Sandro, alla soglia dei cinquant’anni è deciso a rifarsi una vita: incontra Terry (Antonia Truppo) e le cose sembrano andare bene fino a quando un dei suoi amori più grandi: il Napoli e quindi gli «Apache» non lo richiamano all’ordine, alla disciplina e alla dedizione che fino ad allora lo avevano contraddistinto. Sandro, infatti, è uno tra gli più anziani del gruppo e quindi dovrebbe guidare e formare le nuove leve, ma questo ruolo non gli si addice: è preso da altro e risse e baruffe allo stadio non gli interessano più, soprattutto dopo il daspo ricevuto.
Insomma, ha deciso di mettere la testa a posto ma più cerca di stare lontano da quel mondo violento che ha caratterizzato metà della sua vita e più ne sarà trascinato dentro da Angelo che, dopo aver perso il fratello «Sasà» proprio in un tafferuglio tra tifosi, decide di vendicarlo andando a Roma insieme al gruppo ultras.

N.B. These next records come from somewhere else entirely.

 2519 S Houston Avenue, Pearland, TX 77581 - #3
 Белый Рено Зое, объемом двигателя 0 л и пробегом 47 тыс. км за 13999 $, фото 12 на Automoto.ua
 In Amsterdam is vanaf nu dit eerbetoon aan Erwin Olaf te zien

Sandro, nel corso della vicenda, diventerà come un padre per il sedicenne che vede negli «Apache» la famiglia che non ha mai avuto e cercherà, invano, di tirarlo fuori da un gioco violento più grande di lui.

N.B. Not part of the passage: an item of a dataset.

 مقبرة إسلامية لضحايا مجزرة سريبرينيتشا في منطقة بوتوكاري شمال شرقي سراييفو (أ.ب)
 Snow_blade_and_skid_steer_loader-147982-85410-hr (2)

Al netto, dopo averlo visto posso dire che sì, Ultras è un film carino, ma sono un po’ delusa sotto diversi aspetti.
Le vicende, soprattutto nella fase iniziale, si susseguono in modo poco ordinato, da dare, a tratti, l’impressione di perdere spesso il filo e di non capire quale sia il senso di tutto; il passaggio repentino da una scena all’altra lascia quasi l’amaro in bocca tipico del «e poi? Che succede?». Inoltre, l’uso delle canzoni di Liberato, tanto decantato sui social, non c’è stato; o meglio, ci sono stati giusto un paio d’accenni di «Tu t’è scurdat’ ‘e me» e della nuova «We come from Napoli» nel finale; quasi assente, se non del tutto, l’ultima nata «O core nun tene padron».

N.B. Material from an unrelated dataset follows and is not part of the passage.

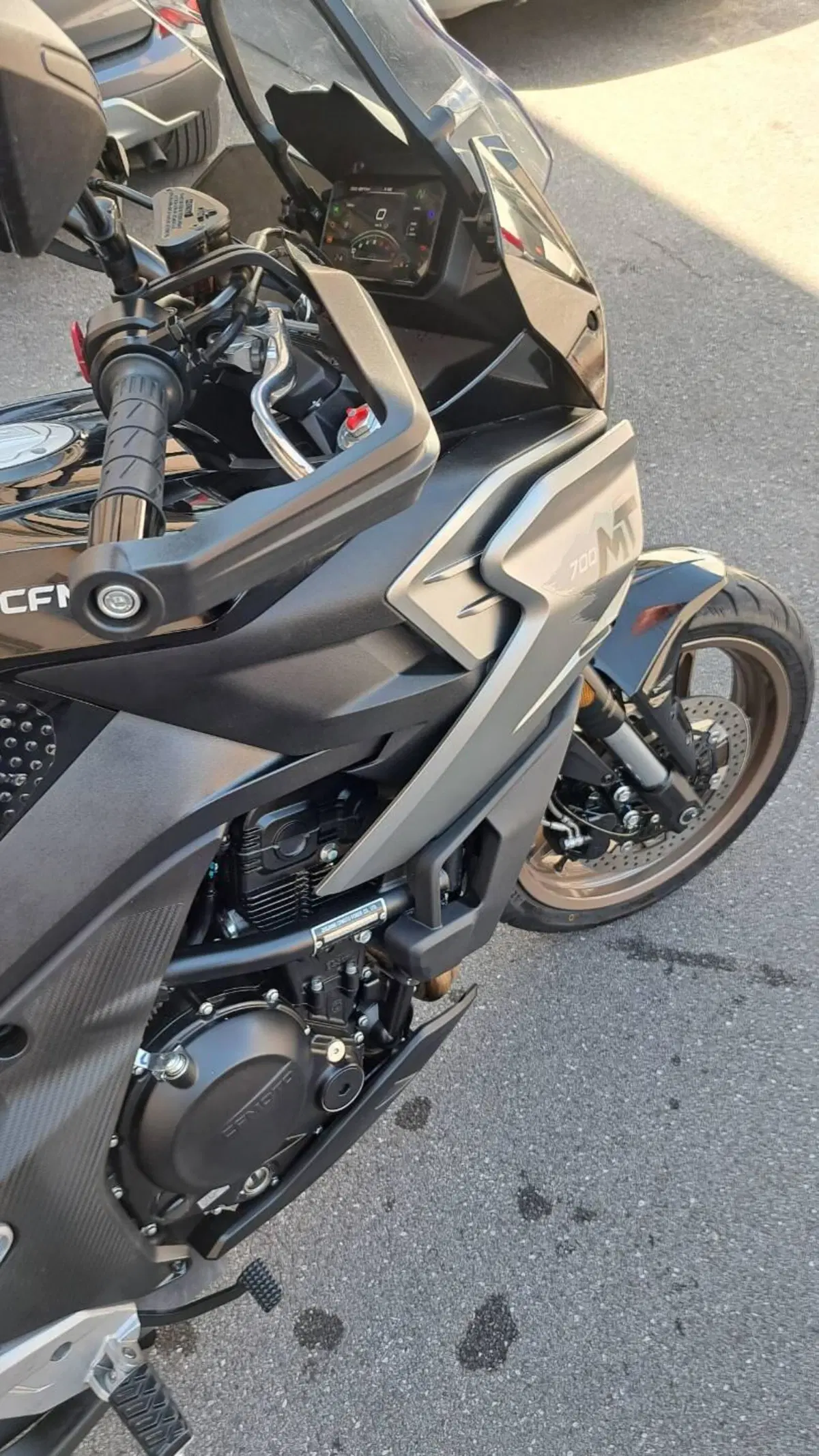 CFMOTO 700MT (2024 - 26) (3)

Sebbene Lettieri avesse affermato che fosse un film «con Liberato, ma non su Liberato», credo che per il tipo di promozione che è stato fatto, prettamente improntato proprio sul fenomeno musicale, lo spettatore si sarebbe aspettato qualcosa in più del cantante; insomma, Liberato usato come mezzo per lanciare il film e niente di più. Anche il finale mi ha lasciato l’amaro in bocca e sembra quasi riprendere il tema: «gioie violente hanno fine violente», potete quindi immaginare l’epilogo!
Non voglio, però, bocciare del tutto Ultras; ci sono anche aspetti che ho apprezzato ed uno di questi è stato proprio il mostrare la veracità dei napoletani, la «napoletanità» che li contraddistingue attraverso espressioni dialettali con le quali i personaggi si esprimono durante tutto il film e soprattutto il tema ricorrente di gruppo, d’appartenenza, di credo e fede profonda nei confronti della propria terra: un aspetto proprio del popolo napoletano, di cuore e carnale.
Insomma, Ultras è un film al quale da 1 a 10 darei un 7-, dalle poche pretese, perfetto da guardare in questo periodo e soprattutto non male come inizio.